Tales from the Dark Multiverse is an American superhero/anthology comic book limited series published by DC Comics, beginning on October 16, 2019. The series takes some of the most famous events in the DC Universe and puts a twist on them.

Plot
Following the Source Wall being shattered at the end of Dark Nights: Metal, the mysterious watcher known as Tempus Fuginaut (introduced in Sideways) begins trying to recruit several "heroes" from across the Dark Multiverse in the wake of a coming crisis.

"Batman: Knightfall"
Azrael/Jean-Paul Valley refuses to give back the mantle of the Batman to Bruce Wayne and defeats him and the Bat-Family, ruling Gotham City as the Saint Batman for 30 years. Bruce, referred to as the Broken, is kept alive, dissected, and tortured as he is forced to watch what Jean-Paul has done to Gotham. With Saint Batman's body failing due to his Venom addiction, Bruce is rescued by the Son of Bane and Shiva and turned into a cyborg. The latter two defeat Saint Batman but Bruce/the Broken, his perception of Gotham warped, kills the two and takes over as Gotham City's new ruler.

"The Death of Superman"
Lois becomes enraged and bitter after the death of Superman by Doomsday's hands, believing the world failed him. After meeting the Eradicator, who failed to bring Superman back to life, Lois proposes that the two merge, turning Lois into the Eradicator. Taking extreme measures to 'make the world a better place', Lois kills Lex Luthor, the Joker and Batman and goes to fight the Cyborg Superman. When the real Superman returns, only for him to be killed by the Cyborg Superman, Lois kills the latter and continues her role as Earth's "savior".

"Blackest Night"
Sinestro never had the powers of the White Lantern taken away, leading to Nekron and the Black Lanterns consuming almost the entirety of the universe. Sinestro, now a Black/White Lantern hybrid called the Limbo Lantern, teams up with the Dove, Lobo, and Mister Miracle, the last mortal beings in the universe, in order to recreate the universe with the Dove as a template for the new universe. However, when Mister Miracle realises that their efforts will just create a new universe and Barda will still be destroyed, he betrays them and the Dove is killed, leaving Sinestro to use Lobo as the template instead after Lobo kills Mister Miracle in revenge. However, the end result is no better, leaving Sinestro to try and find a way to recreate the universe again, as the one he is in has been taken over by new lifeforms who worship Lobo. Eventually, Sinestro decides to leave that universe to reside in the current universe.  Tempus Fuginaut, not wanting that universe to pollute the main universe, uses his powers to leave Sinestro presumably trapped in that universe forever.

"Infinite Crisis"
Ted Kord/the Blue Beetle was not killed by Maxwell Lord and managed to kill the latter instead. Taking control of Brother Eye and Checkmate, Kord tries to bring peace to the universe, with methods deemed questionable by Batman and long-time friend Booster Gold. Alexander Luthor of Earth-3 tries to get Kord to ally with him and destroy multiple Earths to create a single perfect one, but Kord refuses, resulting in Luthor killing the Earth-2 Superman and Lois Lane when they discover the truth, but then being killed himself by Superboy-Prime. Kord teams up with Superboy-Prime and realizes that the only way to bring true peace is to convert everyone into OMACs. Donning a Blue Beetle/Anti-Monitor hybrid armor AND turning himself into an OMAC-inspired cybernetically-enhanced entity with Brother Eye installed into the system, Kord, now dubbing himself as OBAC (One-Beetle-Army-Corps), achieves his plans, at the cost of the lives of several Teen Titan members and Booster Gold.

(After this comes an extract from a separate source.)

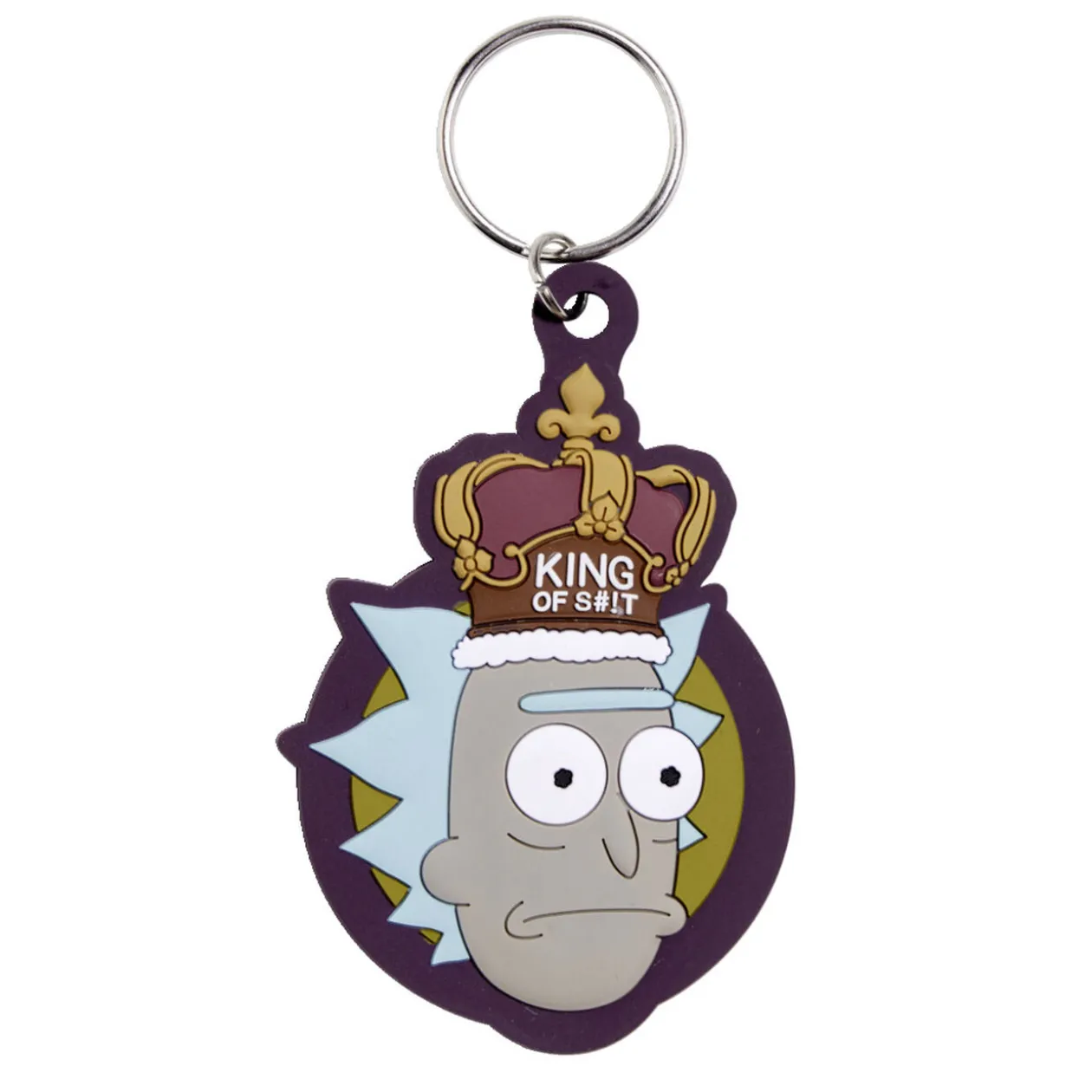 Porte clé Rick et Morty caoutchouc marron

"Teen Titans: The Judas Contract"
On the night Dick Grayson gives up being Robin, he has a private discussion with Terra and empathizes with her. He tells her that having a mentor can sometimes limit one's ability to forge their own path. Terra reports to Deathstroke shortly afterwards, who reprimands her for opening up to Dick. Inspired by Dick to become more independent, she murders Slade in retaliation and forces Wintergreen to inject her with the same serum that gave Deathstroke his powers. Unlike Slade who was left in a coma for weeks, Terra easily survives. Now calling herself Gaia and viewing herself as a goddess, Terra uses her heightened abilities to murder the Teen Titans, reduce their headquarters to rubble and destroy most of the world by destabilizing Earth's core. Robin and Kid Flash keep Gaia at bay long enough for Superman to arrive, but even the Man of Steel is no match for her, thanks to Gaia's control over kryptonite. After killing Changeling, the last person to care about her, Gaia rules over the broken Earth and forces the survivors to live in constant fear.

"Batman: Hush"
The Elliots are the ones who raise Bruce Wayne instead of Alfred after Bruce's parents are killed. When Thomas Elliot's parents die in a car crash, he grows up to become the Senator of Gotham and CEO of Wayne Enterprises thanks to connections from his girlfriend, Talia al Ghul, the head of the League of Assassins. With the help of Gotham's other elites, they turn Gotham into a militaristic city-state, leading Barbara Gordon to form a rebellion group called the Outsiders after the corrupt police force murdered her father. He also had Bruce committed to Arkham Asylum with help from the facility's lead scientist, Dr. Jonathan Crane. 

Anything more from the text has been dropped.